TASK ITEM
Below are some records. Copy every line in them that holds "Grip".
-------- AVAILABLE DATA --------
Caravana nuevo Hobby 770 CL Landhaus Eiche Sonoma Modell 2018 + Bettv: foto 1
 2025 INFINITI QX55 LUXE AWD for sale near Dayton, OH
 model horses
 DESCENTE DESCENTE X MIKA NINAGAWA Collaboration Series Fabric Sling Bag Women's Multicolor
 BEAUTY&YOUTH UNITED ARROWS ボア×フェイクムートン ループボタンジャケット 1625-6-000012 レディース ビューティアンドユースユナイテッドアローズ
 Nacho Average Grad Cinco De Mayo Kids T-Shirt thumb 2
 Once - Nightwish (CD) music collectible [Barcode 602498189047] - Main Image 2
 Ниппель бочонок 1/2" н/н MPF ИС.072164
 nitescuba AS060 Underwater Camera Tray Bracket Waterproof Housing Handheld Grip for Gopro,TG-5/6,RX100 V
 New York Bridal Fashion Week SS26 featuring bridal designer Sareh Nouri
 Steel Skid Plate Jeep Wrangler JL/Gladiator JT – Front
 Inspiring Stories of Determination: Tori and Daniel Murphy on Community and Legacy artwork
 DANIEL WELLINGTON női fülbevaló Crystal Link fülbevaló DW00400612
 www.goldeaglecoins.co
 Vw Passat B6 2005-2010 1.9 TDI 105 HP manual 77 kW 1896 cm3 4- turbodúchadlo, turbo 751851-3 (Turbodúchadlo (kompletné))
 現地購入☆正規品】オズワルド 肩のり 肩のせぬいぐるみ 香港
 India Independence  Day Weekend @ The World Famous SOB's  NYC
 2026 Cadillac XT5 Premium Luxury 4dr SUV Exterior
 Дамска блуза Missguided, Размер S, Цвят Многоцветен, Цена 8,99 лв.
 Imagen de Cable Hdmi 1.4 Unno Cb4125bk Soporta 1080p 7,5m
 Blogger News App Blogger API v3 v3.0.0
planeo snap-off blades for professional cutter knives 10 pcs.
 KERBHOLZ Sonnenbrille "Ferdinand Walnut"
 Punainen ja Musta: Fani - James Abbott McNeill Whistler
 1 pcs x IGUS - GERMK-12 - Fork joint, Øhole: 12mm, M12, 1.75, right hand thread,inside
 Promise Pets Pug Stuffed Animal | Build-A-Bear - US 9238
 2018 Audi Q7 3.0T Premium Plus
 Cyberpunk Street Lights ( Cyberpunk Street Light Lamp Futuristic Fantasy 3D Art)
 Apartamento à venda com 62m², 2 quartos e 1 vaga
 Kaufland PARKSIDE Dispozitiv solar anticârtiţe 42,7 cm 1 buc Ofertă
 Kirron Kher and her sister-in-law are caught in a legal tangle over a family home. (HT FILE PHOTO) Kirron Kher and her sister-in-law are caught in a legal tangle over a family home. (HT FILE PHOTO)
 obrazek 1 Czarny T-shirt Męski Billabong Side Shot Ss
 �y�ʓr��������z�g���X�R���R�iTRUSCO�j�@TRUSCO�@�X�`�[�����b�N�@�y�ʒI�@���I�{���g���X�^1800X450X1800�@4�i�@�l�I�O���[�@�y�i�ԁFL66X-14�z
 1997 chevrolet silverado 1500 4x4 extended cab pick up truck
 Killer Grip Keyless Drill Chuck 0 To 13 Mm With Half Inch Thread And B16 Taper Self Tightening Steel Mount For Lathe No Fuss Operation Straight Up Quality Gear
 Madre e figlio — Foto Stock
--------
PROBLEM SOLUTION
 nitescuba AS060 Underwater Camera Tray Bracket Waterproof Housing Handheld Grip for Gopro,TG-5/6,RX100 V
 Killer Grip Keyless Drill Chuck 0 To 13 Mm With Half Inch Thread And B16 Taper Self Tightening Steel Mount For Lathe No Fuss Operation Straight Up Quality Gear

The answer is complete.